WHAT IS REQUIRED – The copy should hold exactly the lines below from the one that contains "Used Hyundai Verna" through the one that contains "라코스테 우먼 모혼방 자켓 상품이미지4" and nothing else, so no pictures.

Records from a dataset:
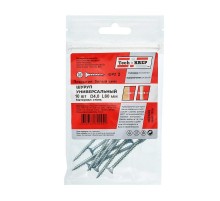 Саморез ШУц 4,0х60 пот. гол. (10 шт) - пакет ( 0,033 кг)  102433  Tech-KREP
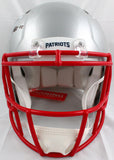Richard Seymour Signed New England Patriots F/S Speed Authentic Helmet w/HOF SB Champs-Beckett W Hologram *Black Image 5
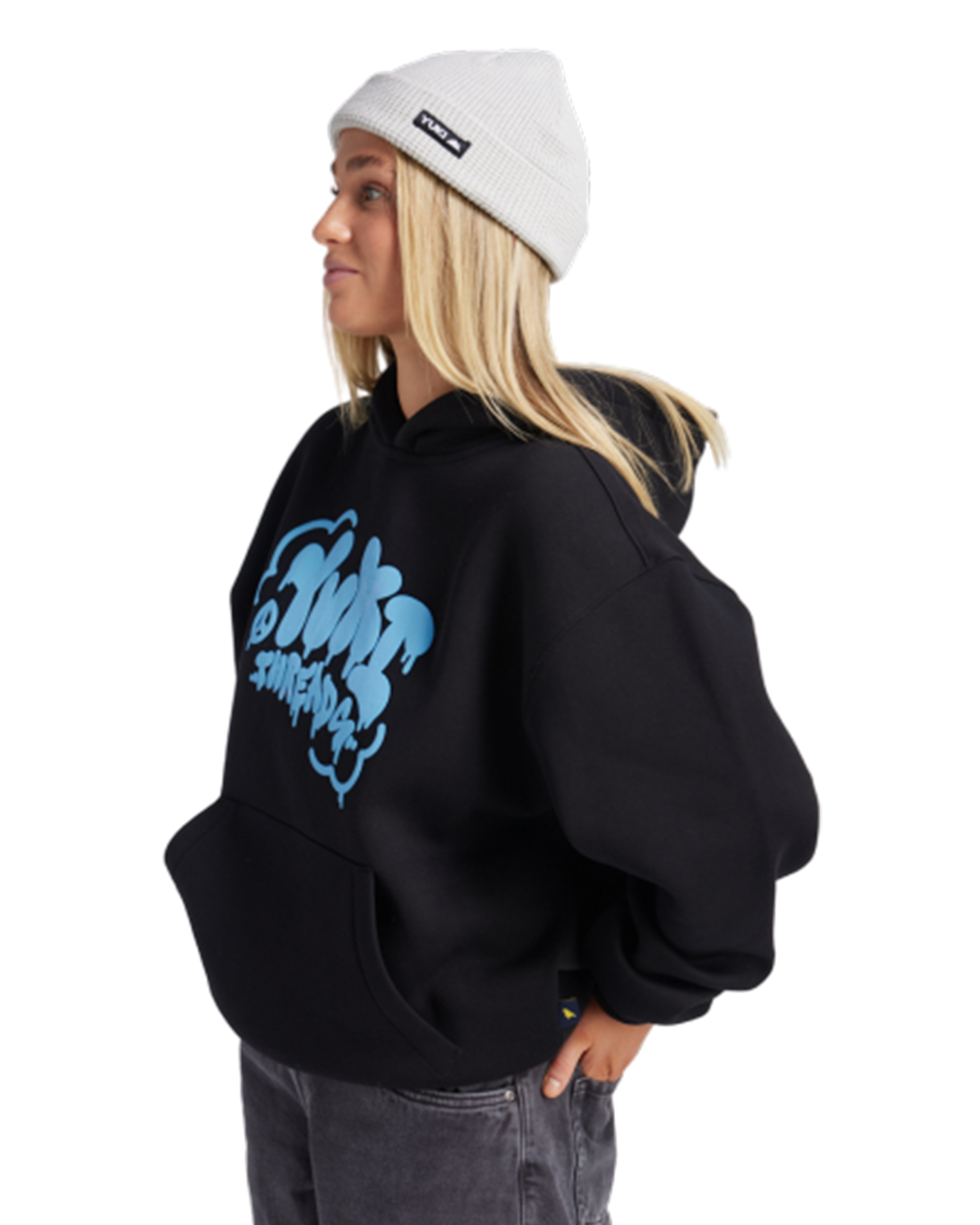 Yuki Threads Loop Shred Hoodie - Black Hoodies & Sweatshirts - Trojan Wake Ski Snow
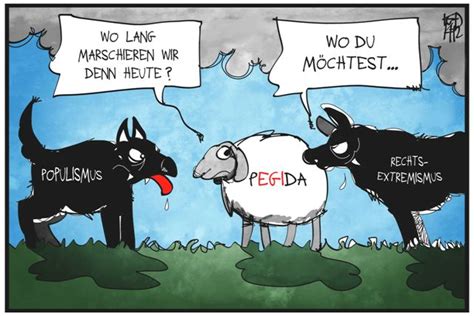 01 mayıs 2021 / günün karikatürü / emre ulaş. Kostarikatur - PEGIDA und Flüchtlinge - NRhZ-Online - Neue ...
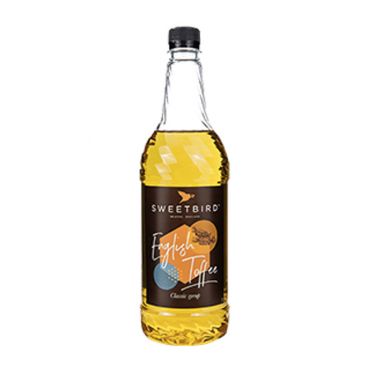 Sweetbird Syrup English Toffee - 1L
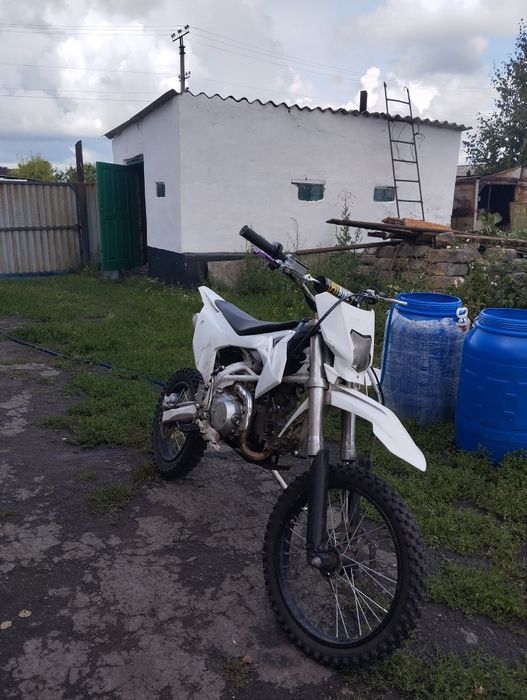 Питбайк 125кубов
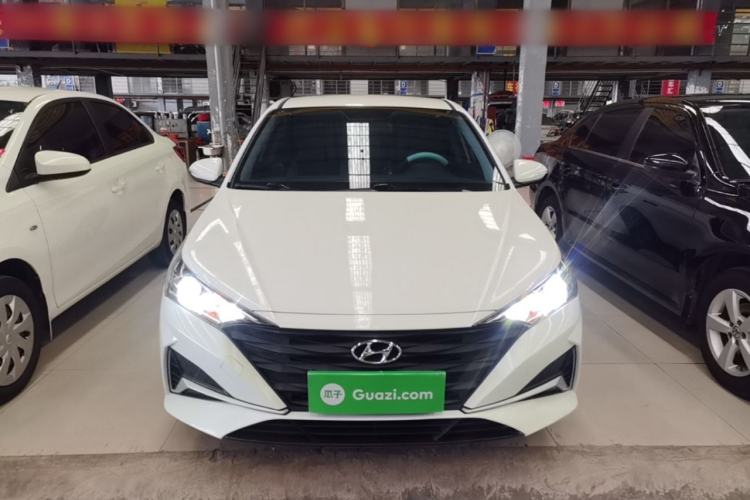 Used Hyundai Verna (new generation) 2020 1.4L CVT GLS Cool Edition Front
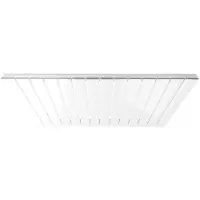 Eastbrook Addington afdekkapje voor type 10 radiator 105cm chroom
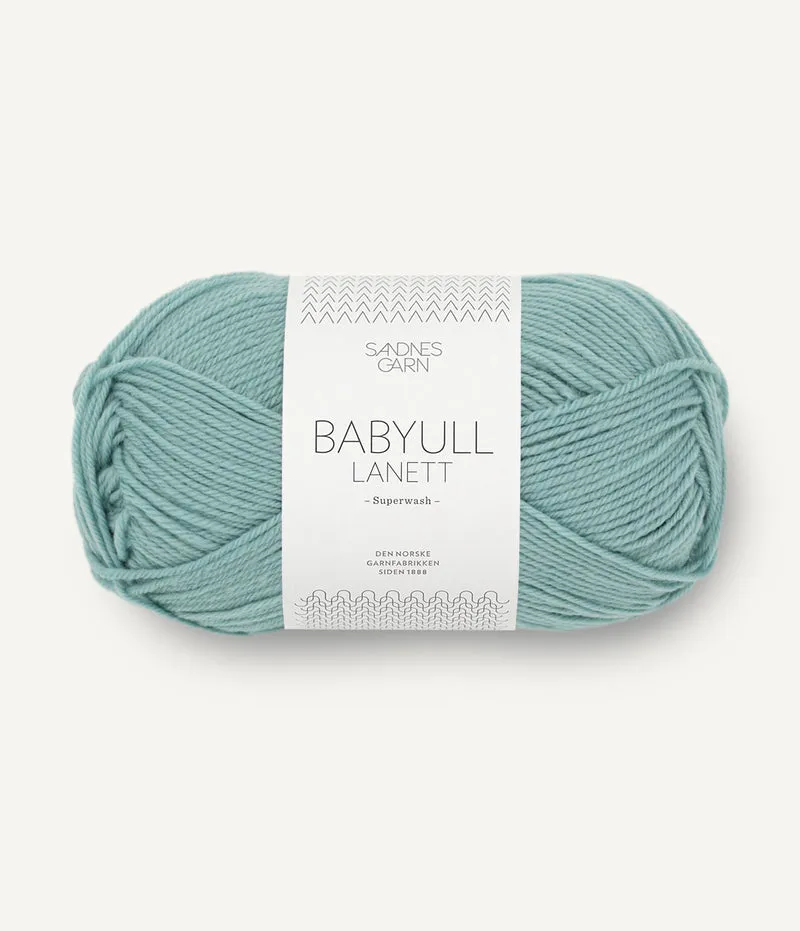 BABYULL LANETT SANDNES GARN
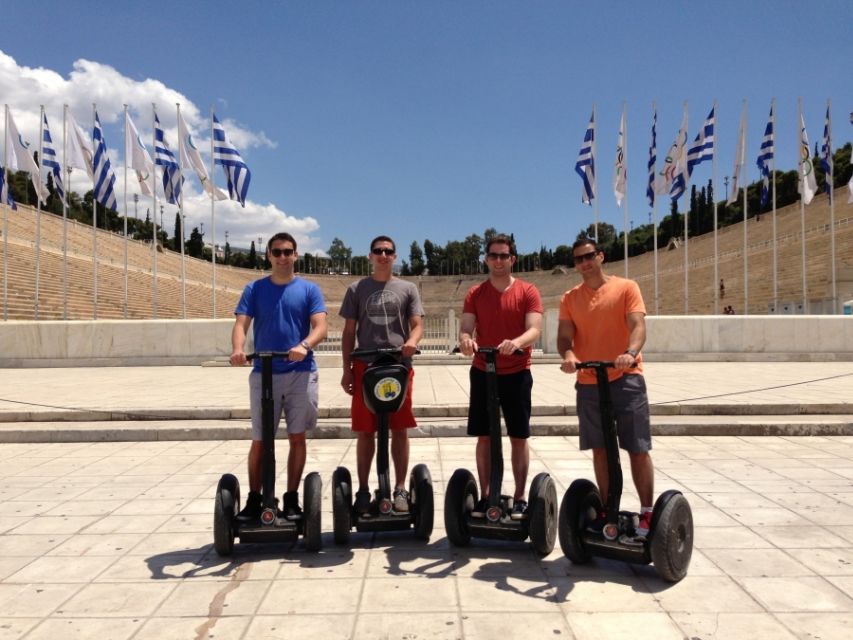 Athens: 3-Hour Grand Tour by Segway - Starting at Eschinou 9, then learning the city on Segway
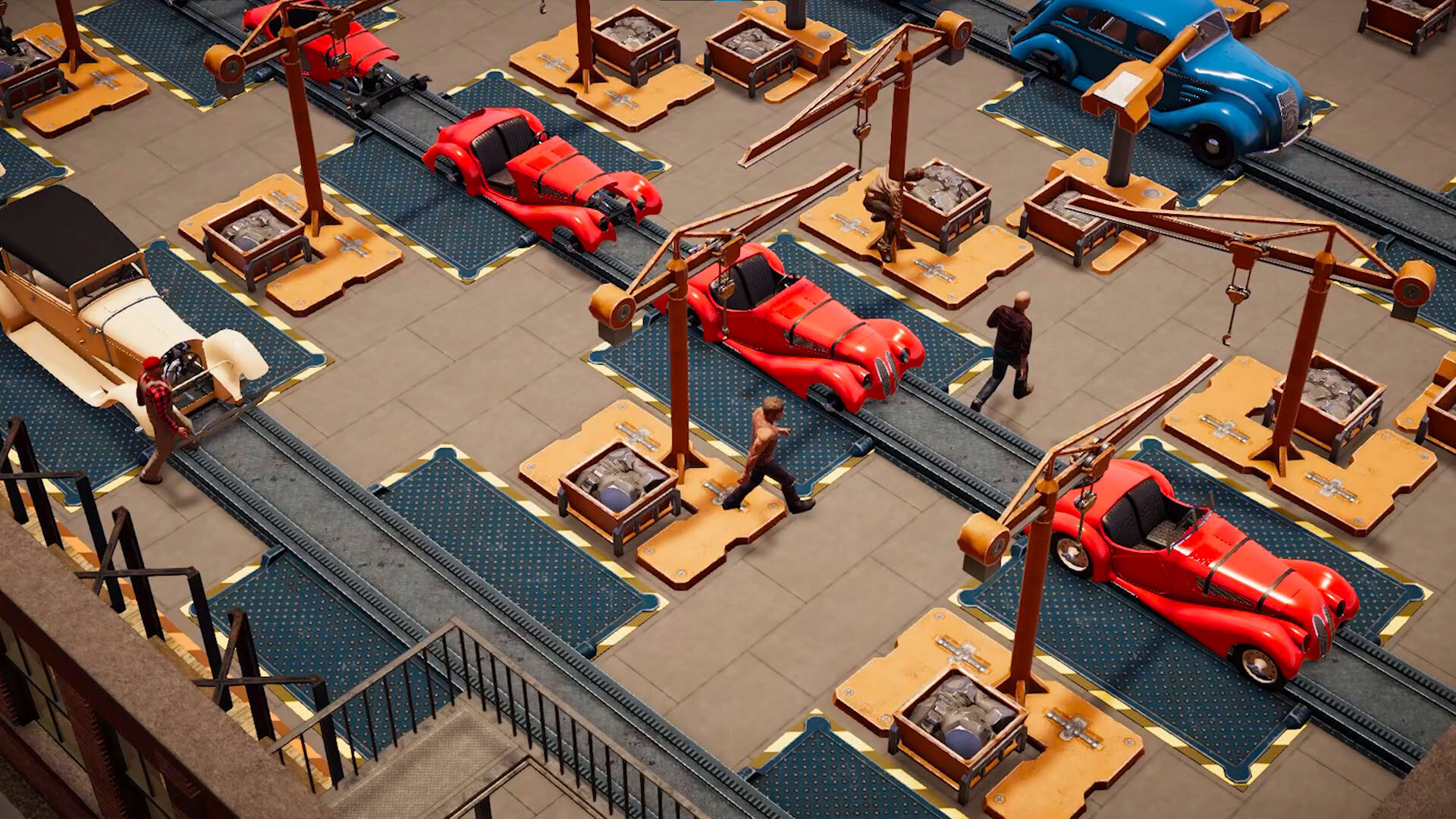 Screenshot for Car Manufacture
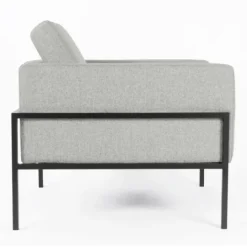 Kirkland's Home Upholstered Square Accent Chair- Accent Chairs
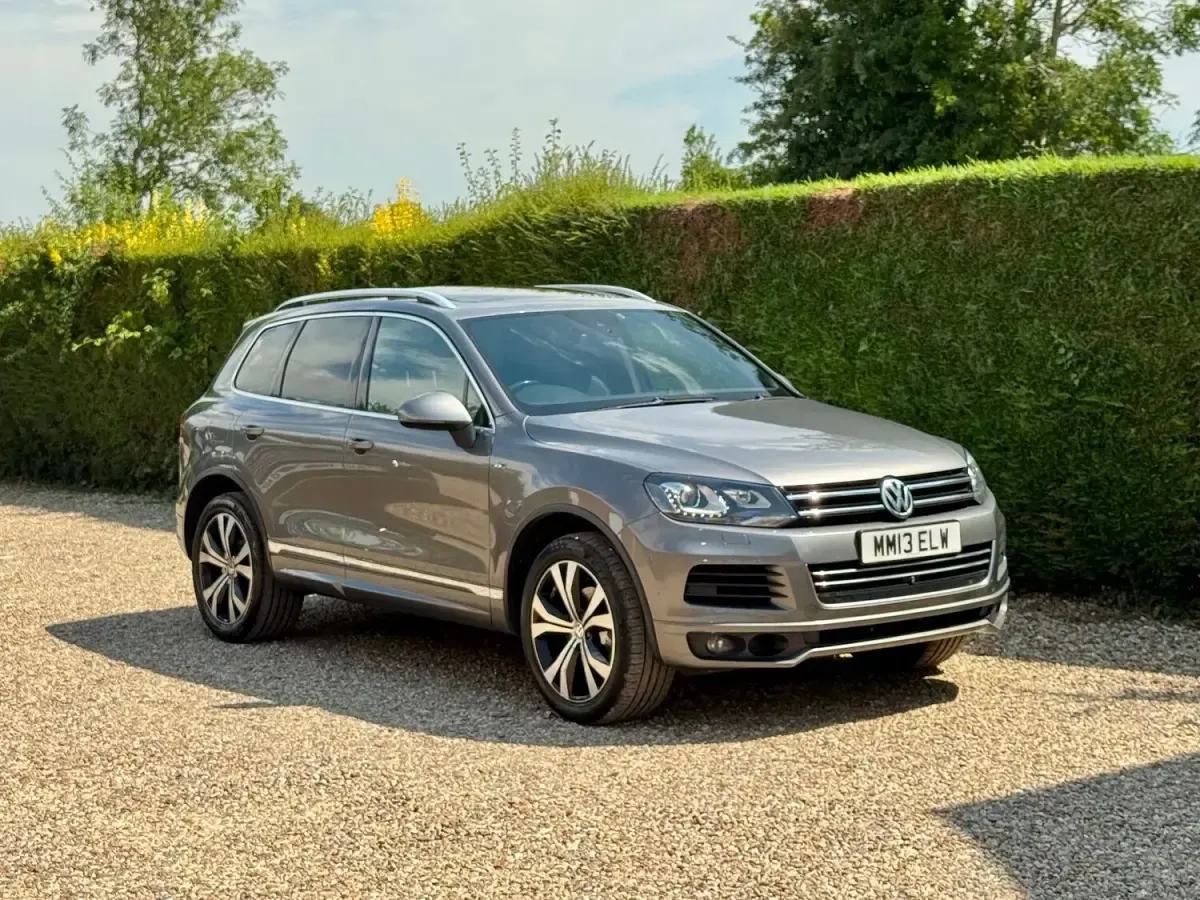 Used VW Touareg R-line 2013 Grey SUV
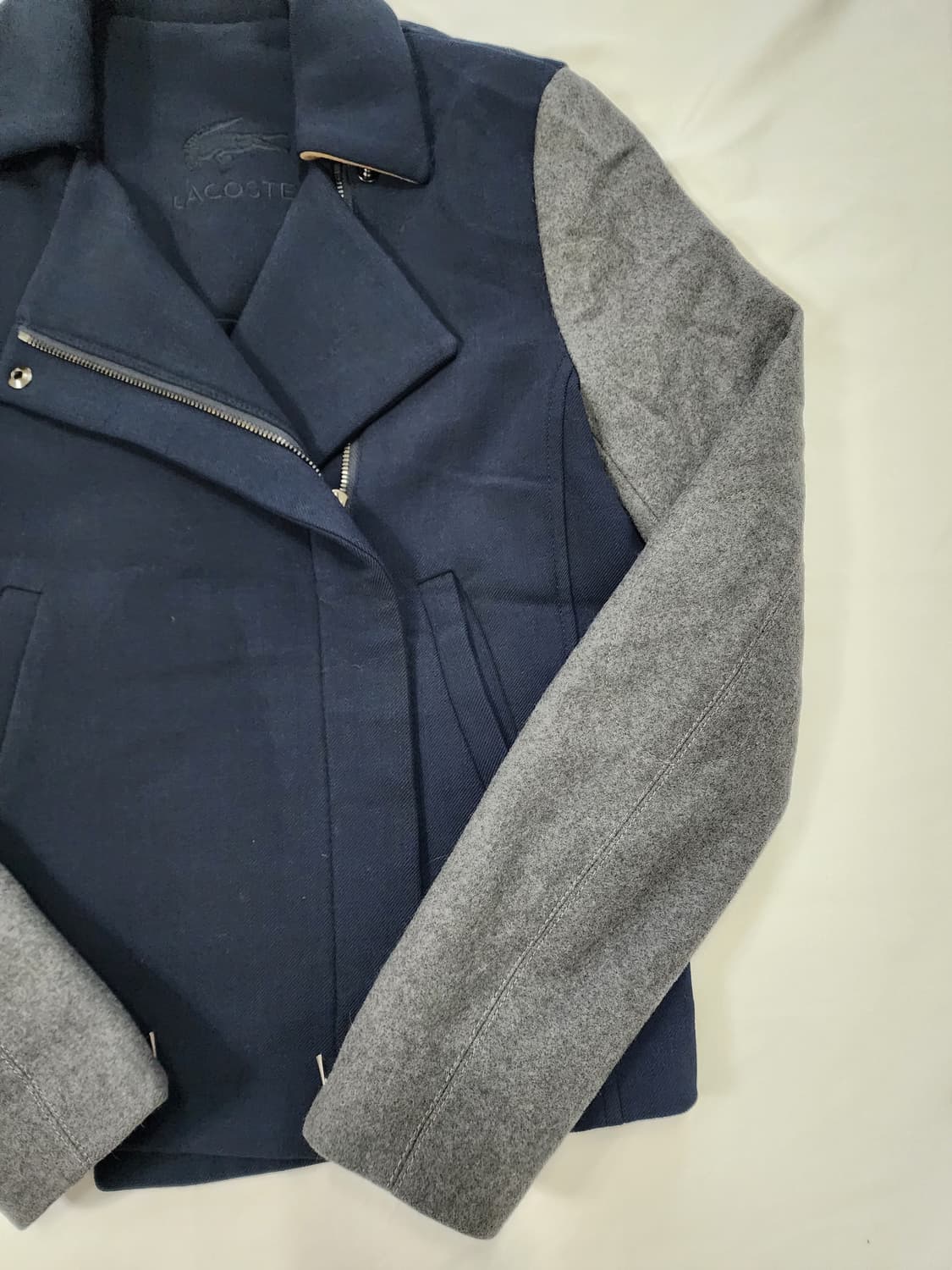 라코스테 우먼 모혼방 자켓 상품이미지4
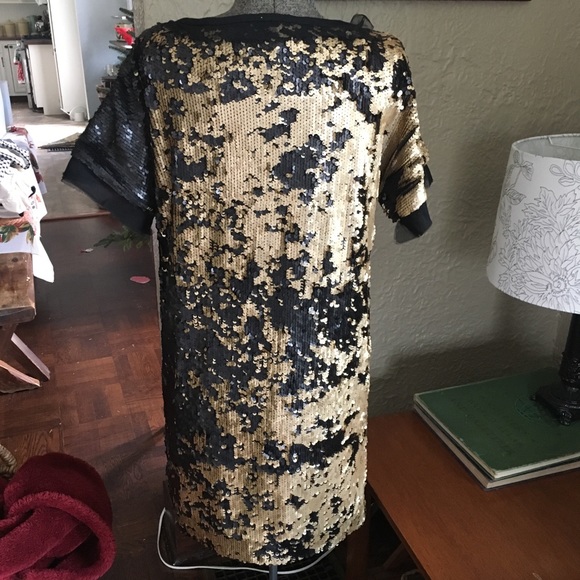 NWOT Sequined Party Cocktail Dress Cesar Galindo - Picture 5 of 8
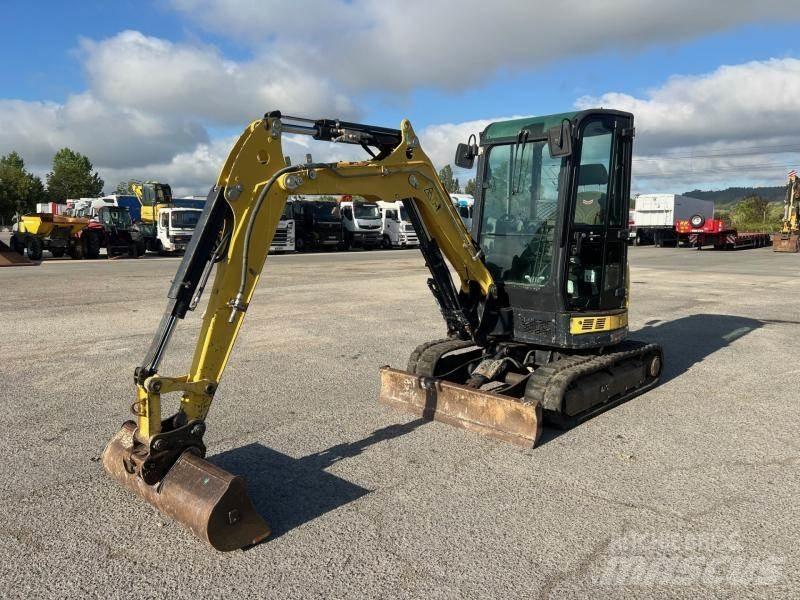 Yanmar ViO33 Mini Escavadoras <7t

ANSWER SPACE –
 Used Hyundai Verna (new generation) 2020 1.4L CVT GLS Cool Edition Front
 Eastbrook Addington afdekkapje voor type 10 radiator 105cm chroom
 BABYULL LANETT SANDNES GARN
 Athens: 3-Hour Grand Tour by Segway - Starting at Eschinou 9, then learning the city on Segway
 Screenshot for Car Manufacture
 Kirkland's Home Upholstered Square Accent Chair- Accent Chairs
 Used VW Touareg R-line 2013 Grey SUV
 라코스테 우먼 모혼방 자켓 상품이미지4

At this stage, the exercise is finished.